Stored items from a collection
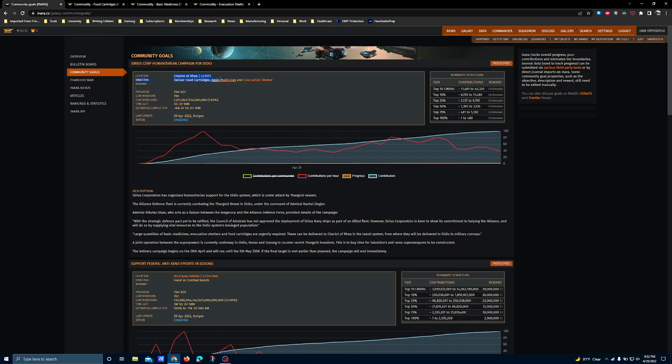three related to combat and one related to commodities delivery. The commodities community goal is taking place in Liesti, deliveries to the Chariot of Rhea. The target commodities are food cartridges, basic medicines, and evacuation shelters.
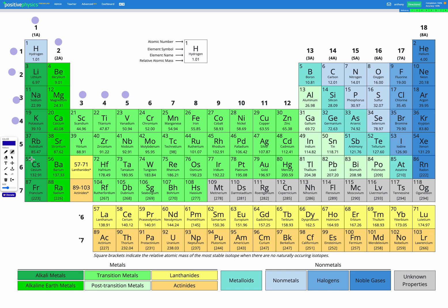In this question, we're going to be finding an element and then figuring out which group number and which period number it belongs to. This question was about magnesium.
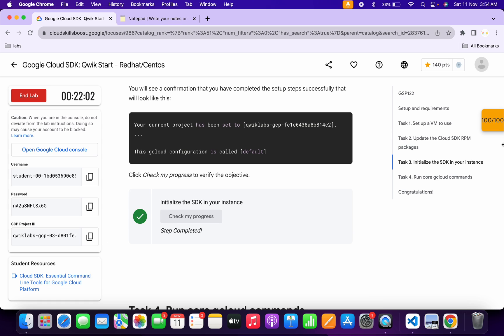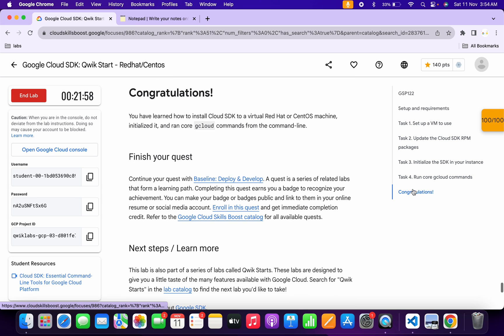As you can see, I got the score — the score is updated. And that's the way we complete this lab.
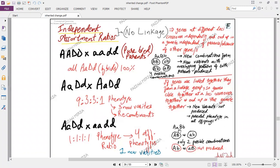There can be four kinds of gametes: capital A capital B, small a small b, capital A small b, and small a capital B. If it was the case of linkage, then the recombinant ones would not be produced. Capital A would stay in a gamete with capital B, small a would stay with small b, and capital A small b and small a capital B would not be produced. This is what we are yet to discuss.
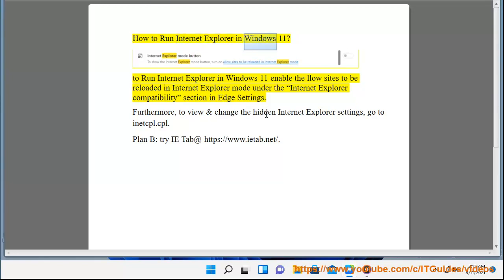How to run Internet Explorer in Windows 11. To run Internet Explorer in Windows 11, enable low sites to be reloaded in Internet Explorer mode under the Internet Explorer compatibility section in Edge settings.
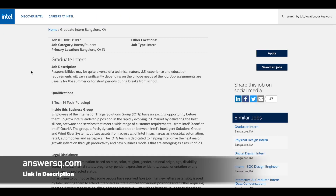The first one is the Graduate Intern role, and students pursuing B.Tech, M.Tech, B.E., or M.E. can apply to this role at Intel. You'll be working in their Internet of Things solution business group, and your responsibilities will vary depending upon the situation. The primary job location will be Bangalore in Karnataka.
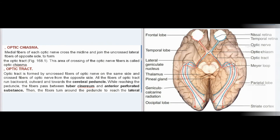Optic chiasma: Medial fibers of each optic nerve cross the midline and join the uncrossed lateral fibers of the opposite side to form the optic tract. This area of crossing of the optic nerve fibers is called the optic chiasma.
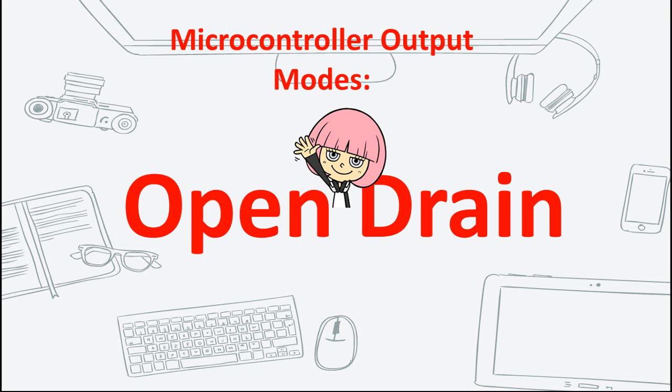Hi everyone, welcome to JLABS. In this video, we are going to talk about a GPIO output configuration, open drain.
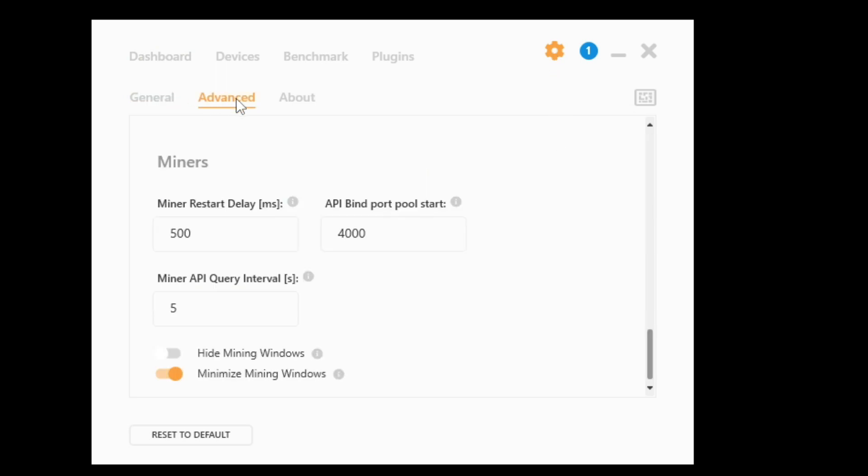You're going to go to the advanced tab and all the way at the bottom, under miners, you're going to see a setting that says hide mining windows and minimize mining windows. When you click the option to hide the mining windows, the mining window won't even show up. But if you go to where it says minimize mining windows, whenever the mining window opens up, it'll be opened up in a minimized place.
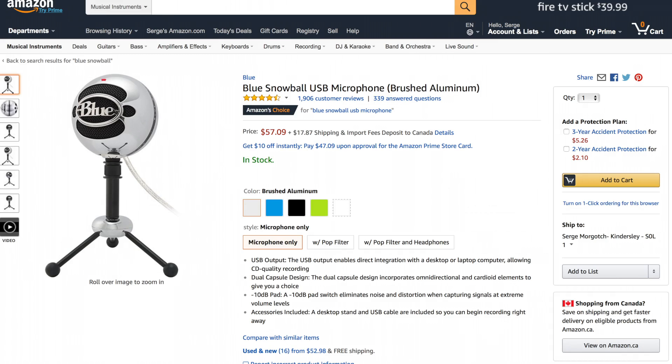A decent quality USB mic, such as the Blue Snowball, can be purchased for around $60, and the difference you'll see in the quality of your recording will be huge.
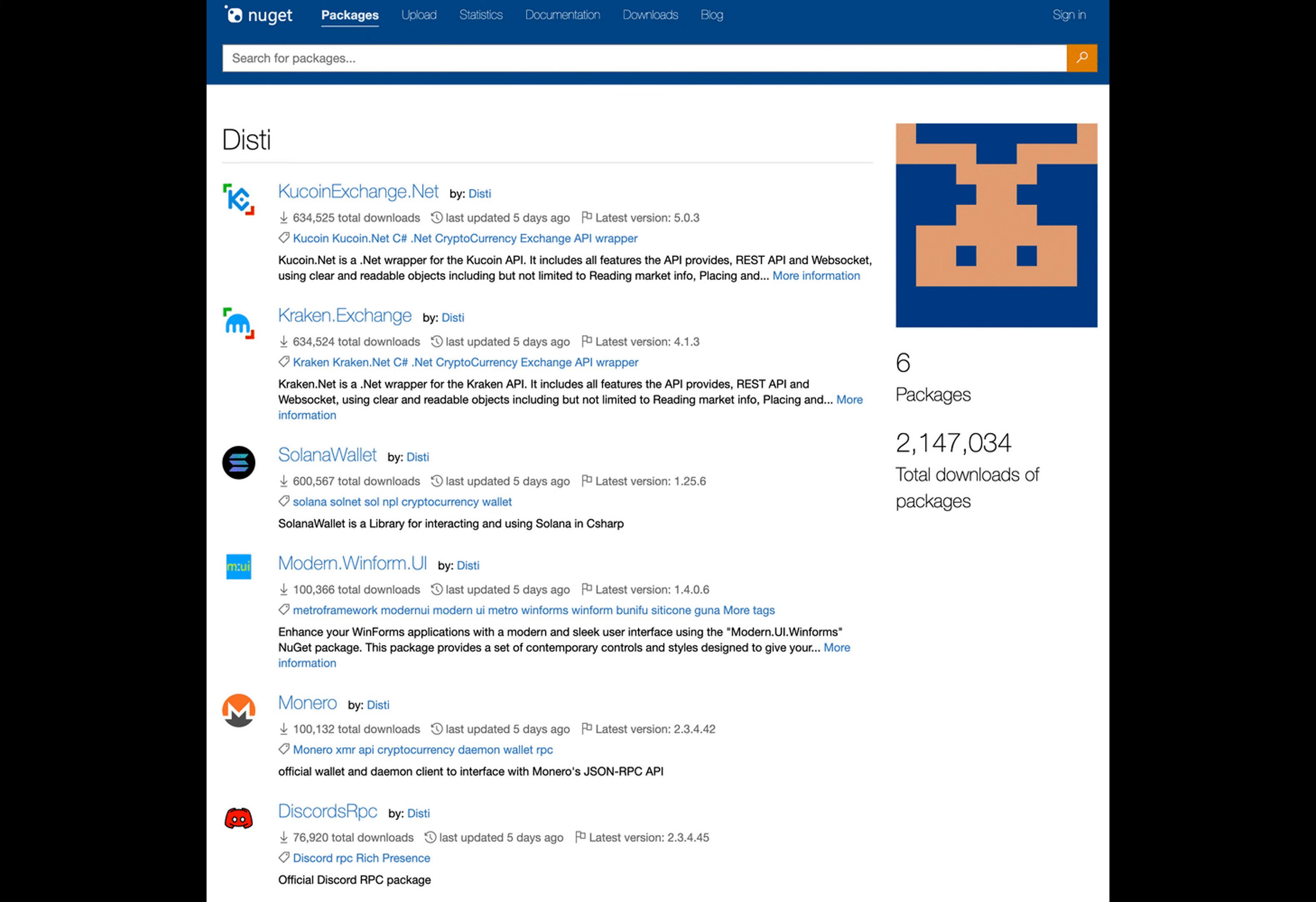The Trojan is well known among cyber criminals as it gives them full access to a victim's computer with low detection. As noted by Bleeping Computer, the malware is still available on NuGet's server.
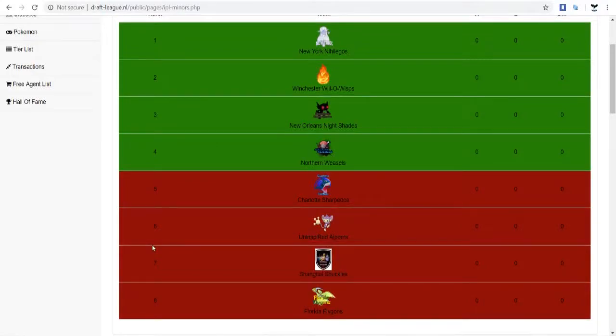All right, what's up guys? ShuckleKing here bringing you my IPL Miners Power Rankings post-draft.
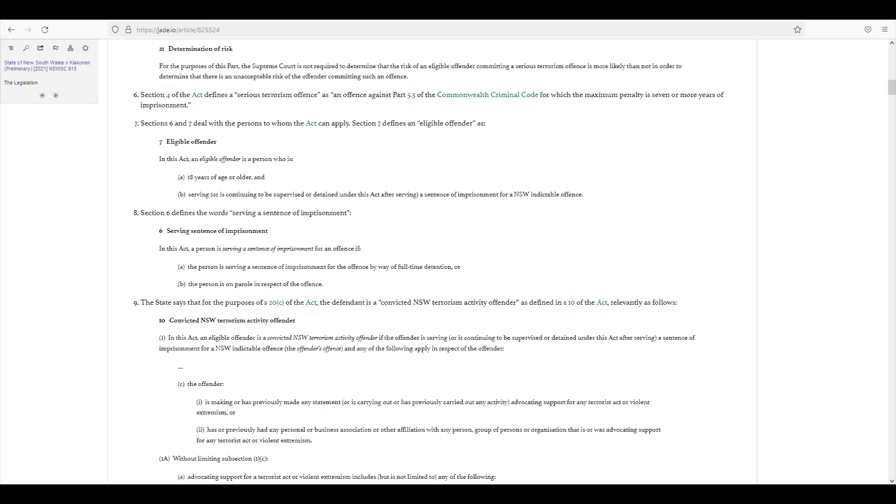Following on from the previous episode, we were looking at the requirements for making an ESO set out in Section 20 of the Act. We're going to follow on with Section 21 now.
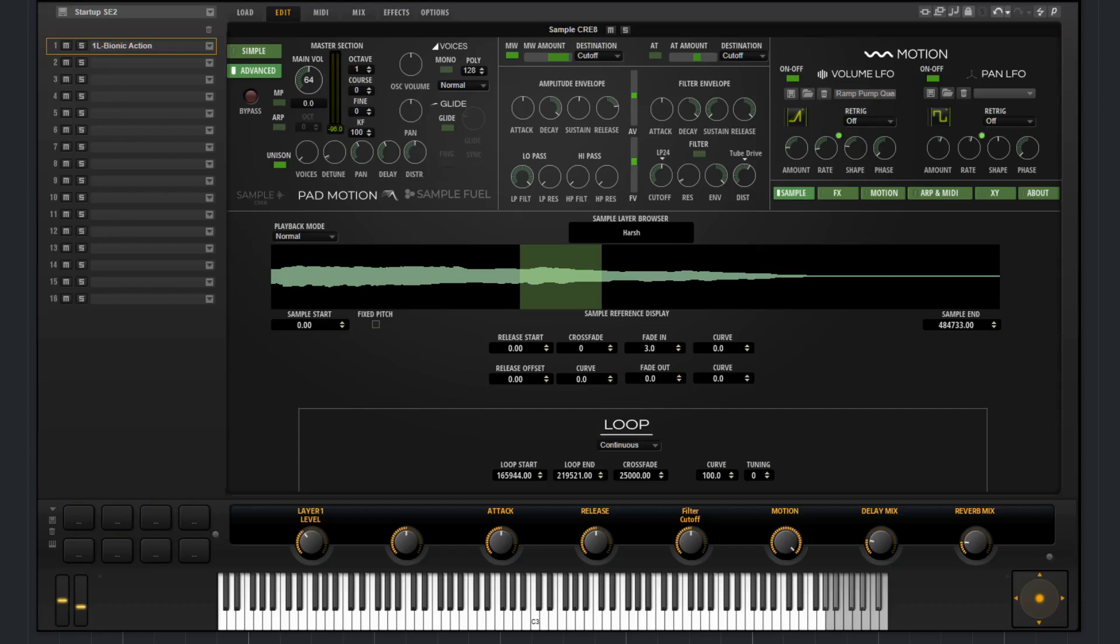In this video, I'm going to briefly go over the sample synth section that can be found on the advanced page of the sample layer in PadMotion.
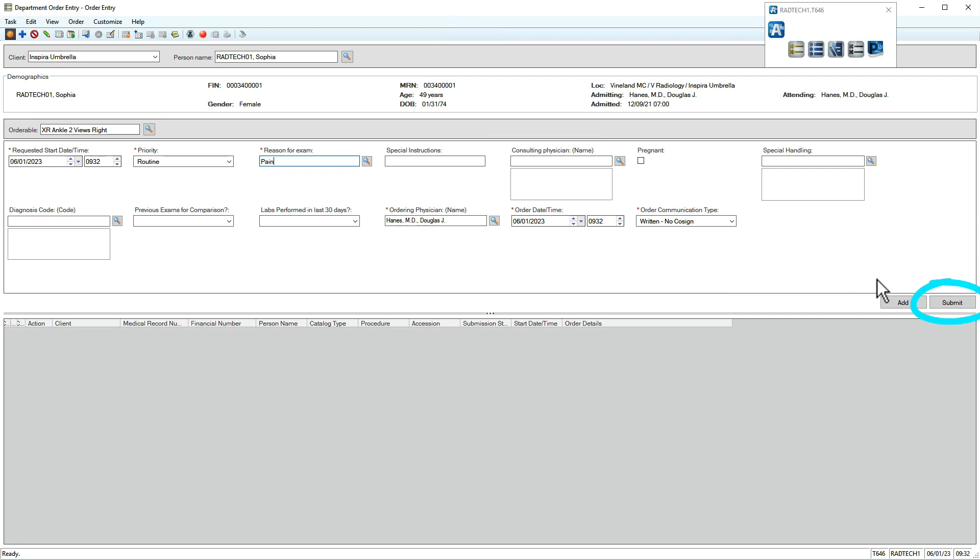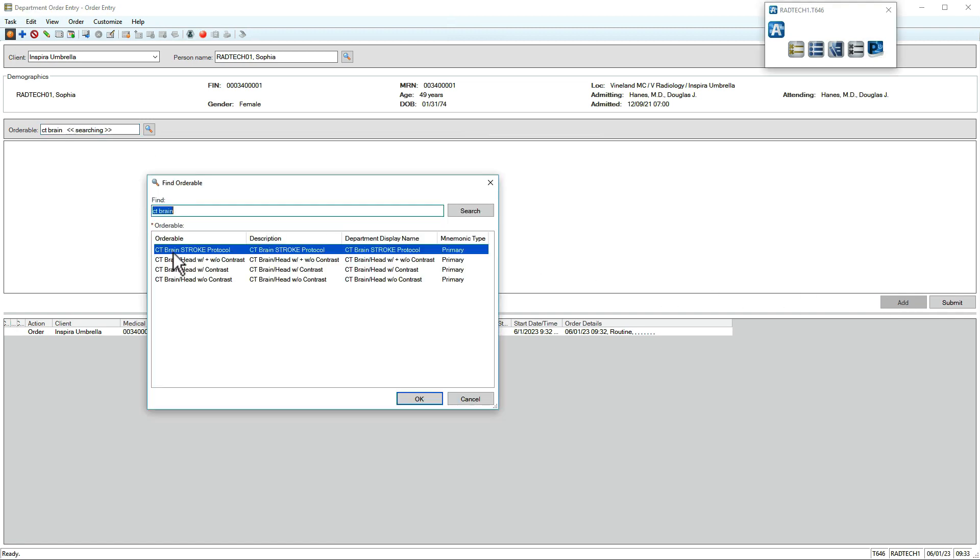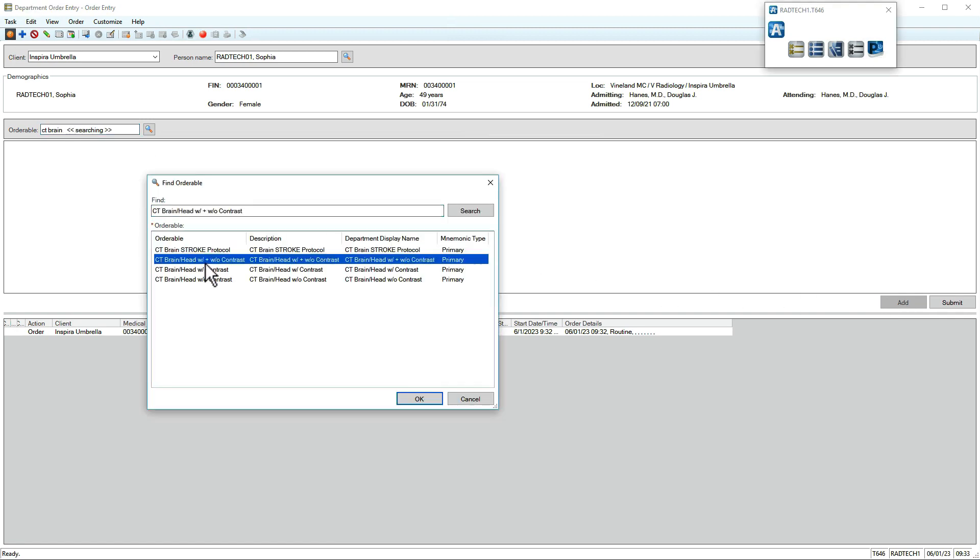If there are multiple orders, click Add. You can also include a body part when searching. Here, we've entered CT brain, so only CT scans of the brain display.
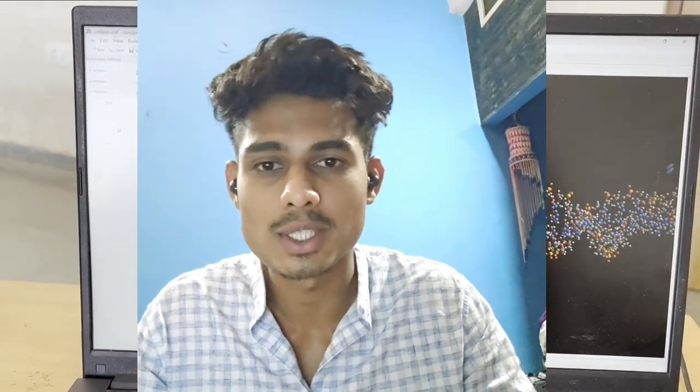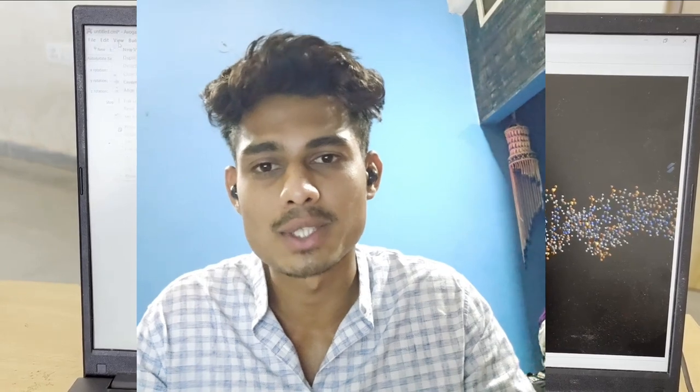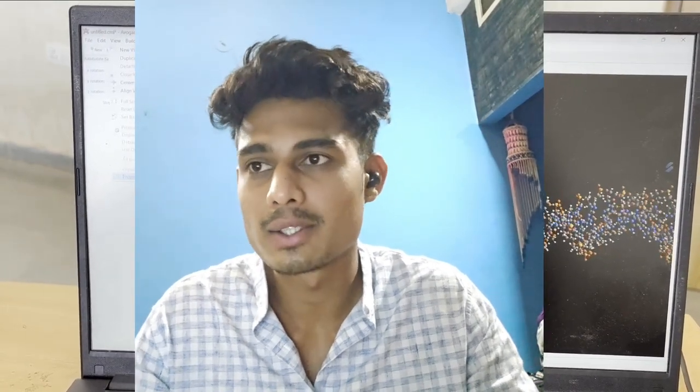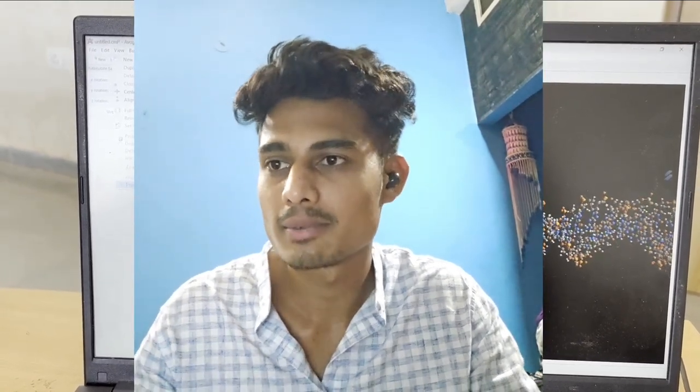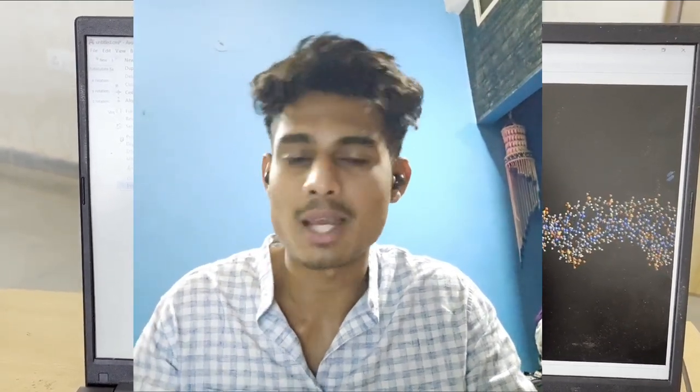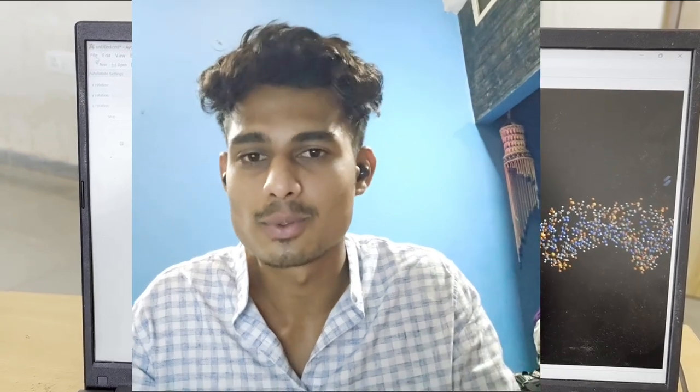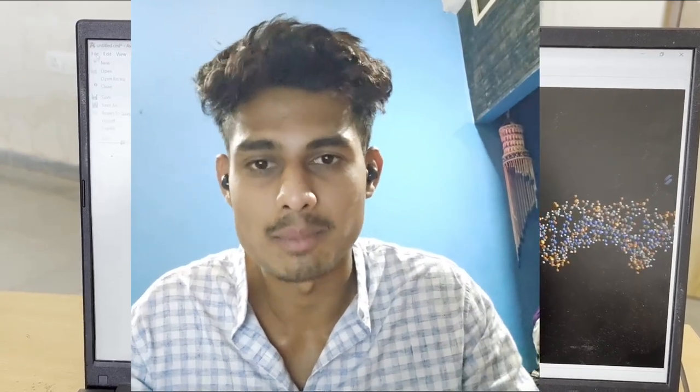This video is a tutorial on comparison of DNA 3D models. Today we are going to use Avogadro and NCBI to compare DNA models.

_Work task_
All that should appear in the answer is the lines above from the line with "How to run Internet" through the line with "Hi everyone, welcome", retyped exactly, pictures left out.

_Answer section_
How to run Internet Explorer in Windows 11. To run Internet Explorer in Windows 11, enable low sites to be reloaded in Internet Explorer mode under the Internet Explorer compatibility section in Edge settings.
The first one is the Graduate Intern role, and students pursuing B.Tech, M.Tech, B.E., or M.E. can apply to this role at Intel. You'll be working in their Internet of Things solution business group, and your responsibilities will vary depending upon the situation. The primary job location will be Bangalore in Karnataka.
Optic chiasma: Medial fibers of each optic nerve cross the midline and join the uncrossed lateral fibers of the opposite side to form the optic tract. This area of crossing of the optic nerve fibers is called the optic chiasma.
Hi everyone, welcome to JLABS. In this video, we are going to talk about a GPIO output configuration, open drain.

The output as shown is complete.